What Do We Hunger For?



This week I had the opportunity to meet with Eckhard Schneider, Director, and Peter Doroshenko, Art Director, of the Pinchuk Art Centre here in Kyiv. The Pinchuk is a contemporary art centre, showing work by artists from the larger global world of contemporary art. It's unlike any other museum or gallery I've visited here in Ukraine--and most intriguing to me is the fact that, every day, lines of people wait to get in the door (admission is free) to see interesting, pretty challenging, contemporary art. First, I should note that the Pinchuk is open every night until 9:00, and we talked about how pleased they were to have made that decision right from the start, as opposed to having hours that are just business hours.

Why do they have lines out the door? Several reasons, I think, based on my conversations both at the Pinchuk and with others. It's a place that has great buzz--many of the visitors are young people, and it's the thing to do. In a discussion with my students, some felt, in a similar vein, that it was about sensation--the shock of the new.

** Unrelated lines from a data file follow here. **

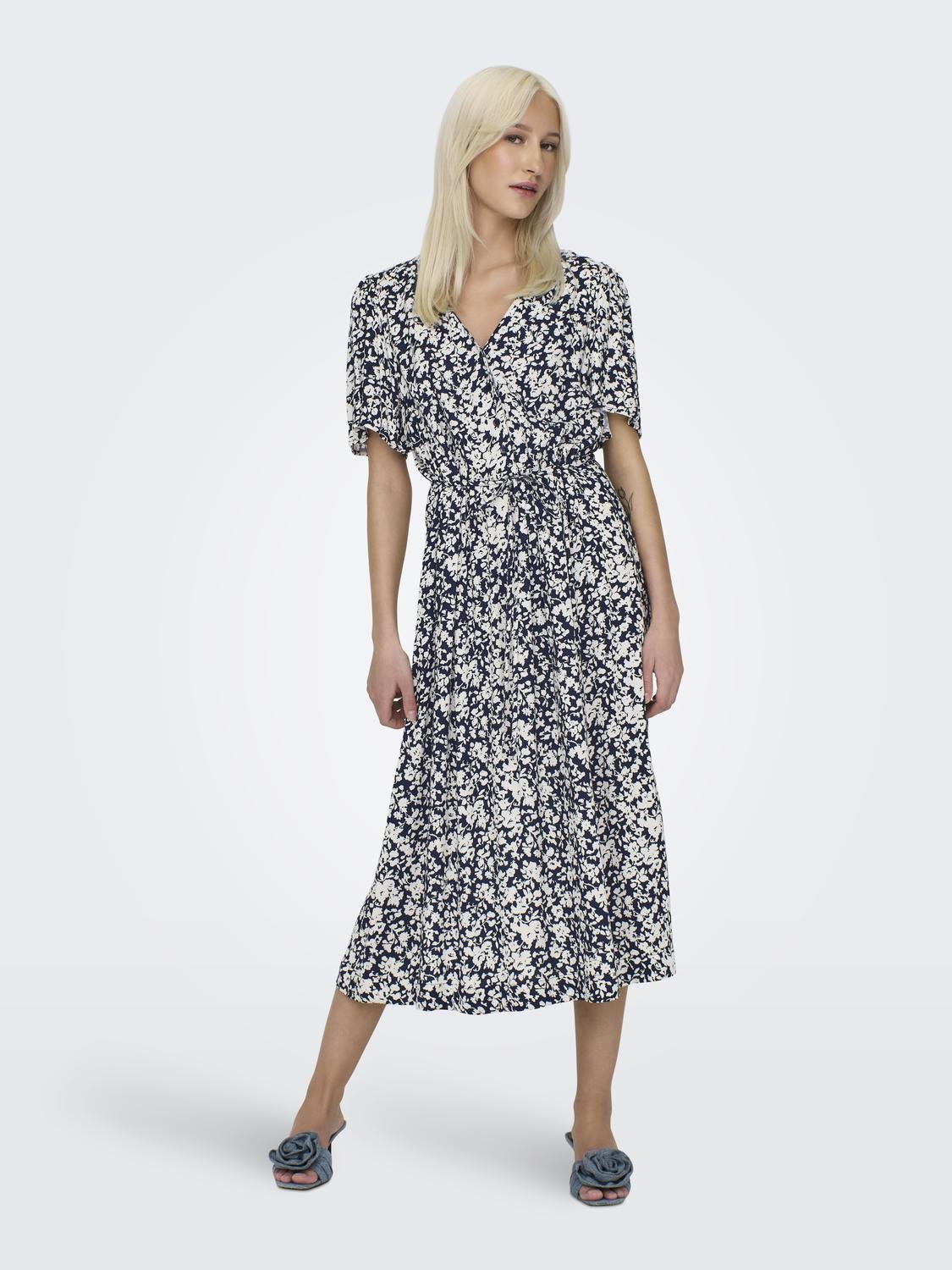 ONLY Sommerkleid »ONLHALIA S/S MIDI DRESS WVN NOOS« ONLY Sommerkleid »ONLHALIA S/S MIDI DRESS WVN NOOS« von Only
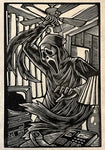 BRR-Ghostface - 16x20 (2011)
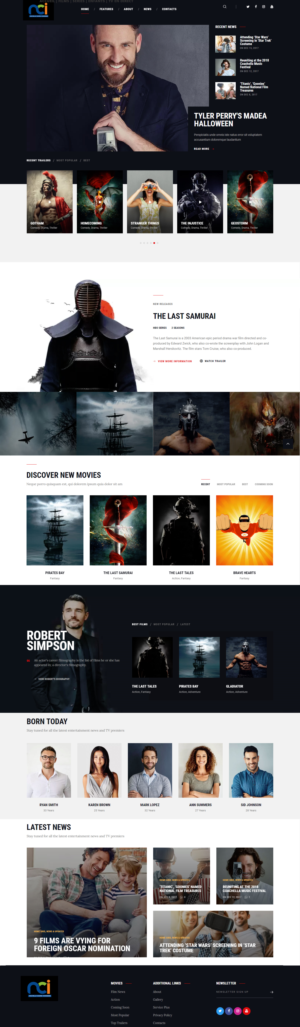 Web Design by R O N I E for this project | Design: #23326456
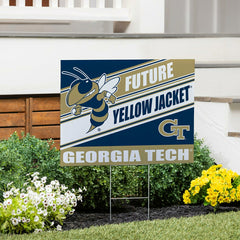Georgia Tech Coroplast Yard Sign, Future Student - Collegiate Home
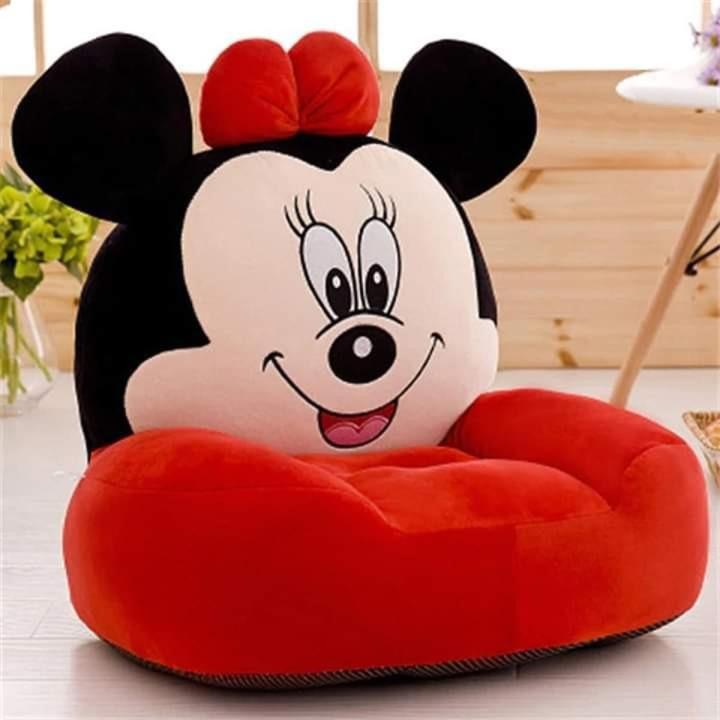 Lovely Stuffed Plush Sofa Floor Seat Lovely Cute Kids Sitting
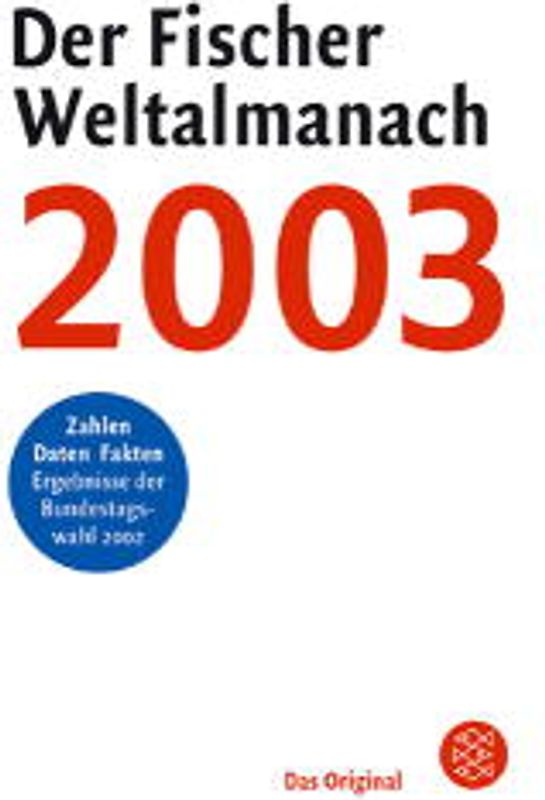 Der Fischer Weltalmanach 2003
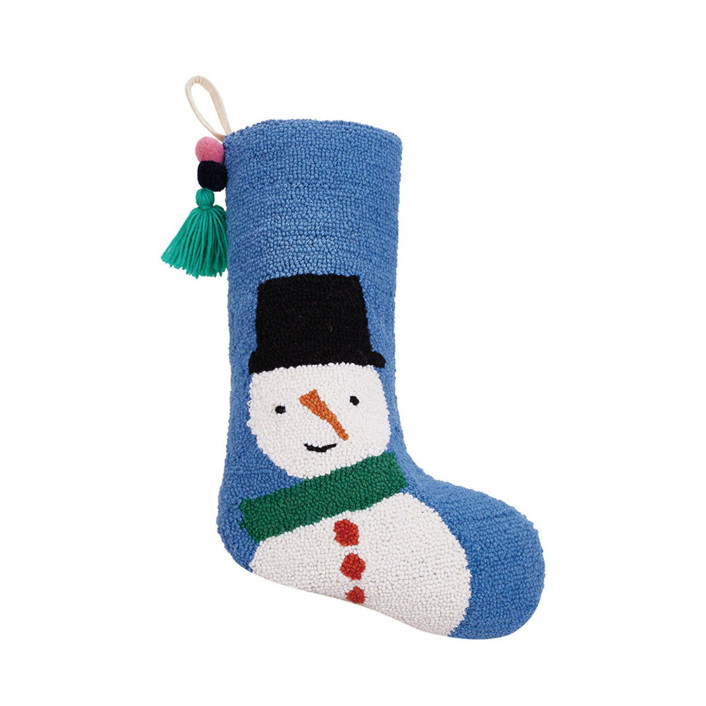 Snowman Stocking by Ampersand Design Studio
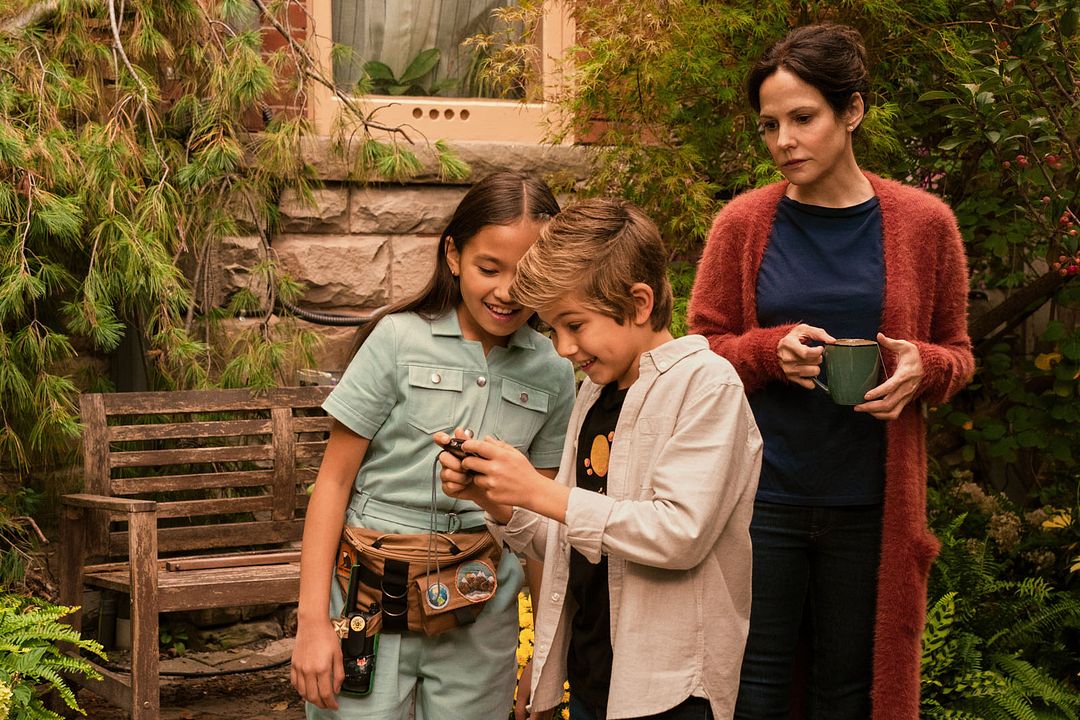 Jane : Foto Mary-Louise Parker, Ava Louise Murchison, Mason Blomberg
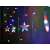 LED star curtain light, 2.5 meters long, 138 LEDs, multi-color
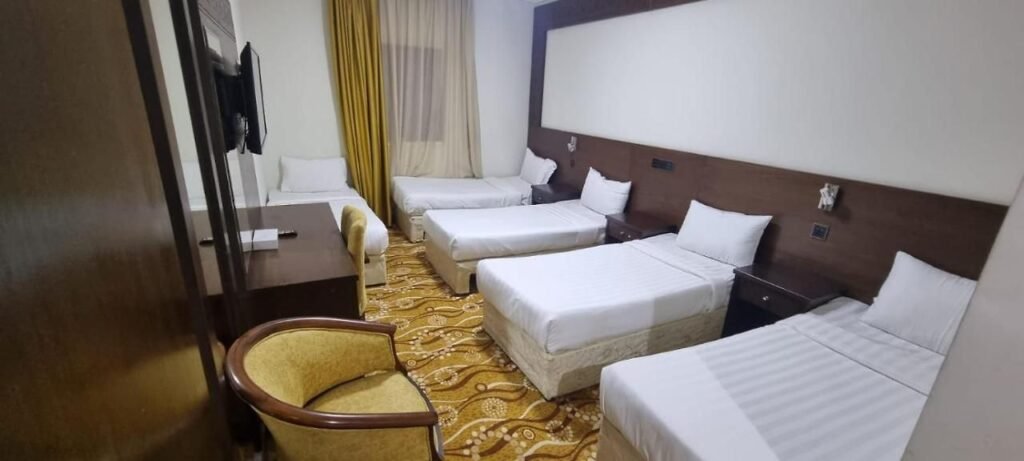 فندق برادايس العالمية مكة من فنادق شارع منصور في مكه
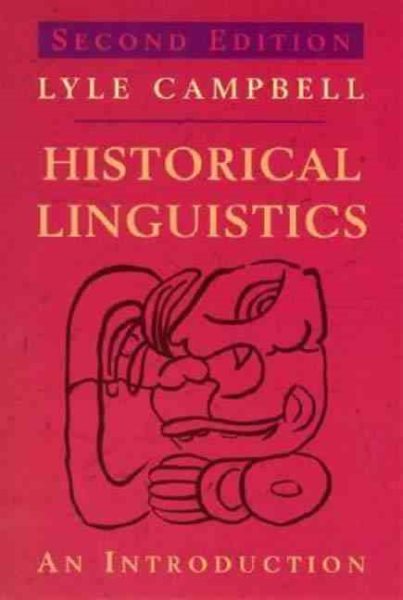 Historical Linguistics: An Introduction cover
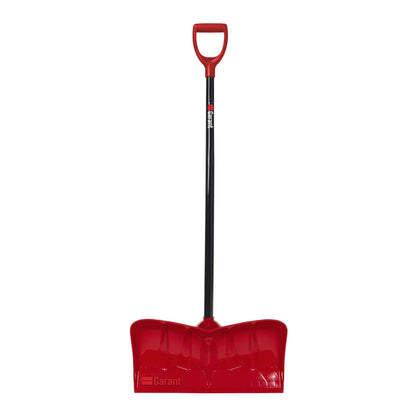Pelle-grattoir à neige ergonomique 22 po avec manche en aluminium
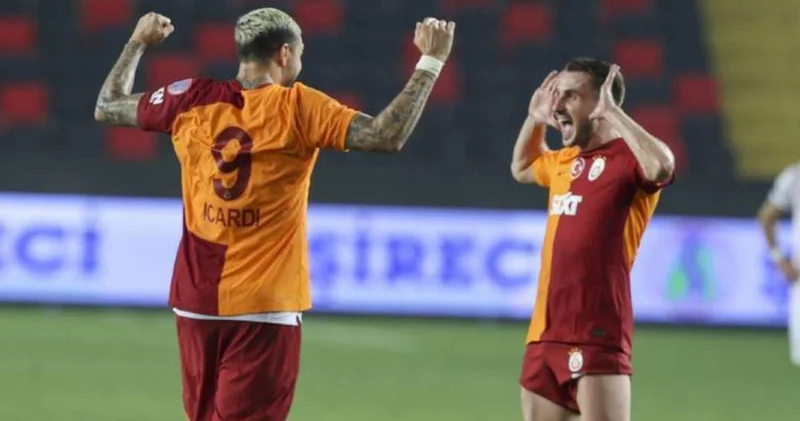 Icardi eski takım arkadaşı Aktürkoğlu’nun fotoğrafını paylaştı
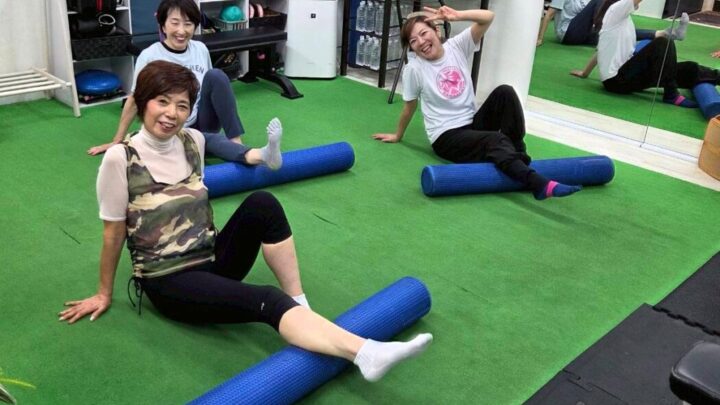 パーソナルトレーニング風景★2025年9月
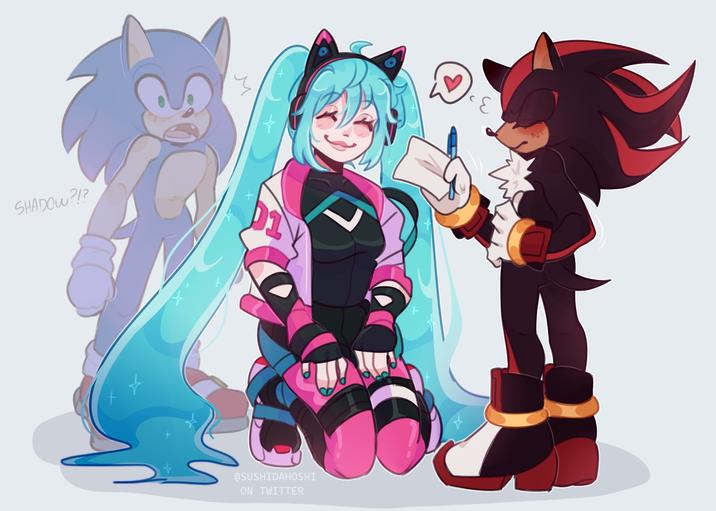 SHADOW?!? @SUSHIDAHOSHI ON TWITTER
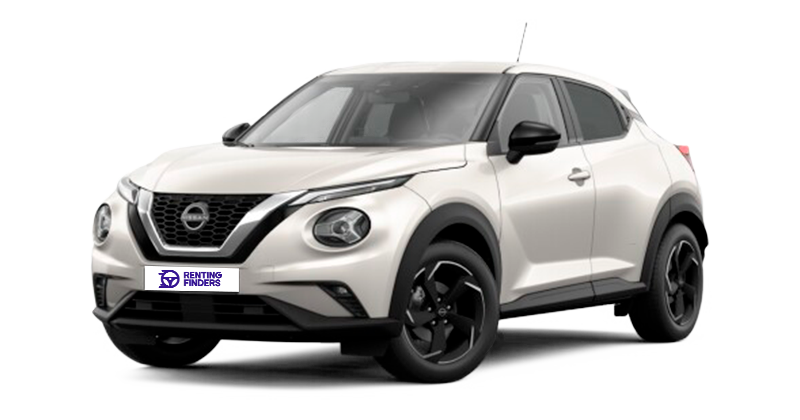 Renting Nissan Juke DIG-T 86 kW (117 CV) 6 M/T ACENTA Sin Entrada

I was most intrigued by the the director's perspective. He felt that contemporary art allowed Ukrainians something they had not been allowed to have--the chance to make their own judgment about something--and that that was something audiences here hungered for. In more traditional fine art and folk art, during Soviet times, there was a prescribed way to appreciate and think about art. But in new contemporary art, it's a chance to make a judgment--perhaps even a snap judgment, on your own. For me then, it gets back to the idea of individual meaning-making. We all bring different eyes, different minds, and different hearts every time we go to a museum. And at Pinchuk, not yet a full fledged museum but serving the same purpose, they provide the buzz of the new, but also something very old, the chance to use art as a way to look inside yourself and at the world around you.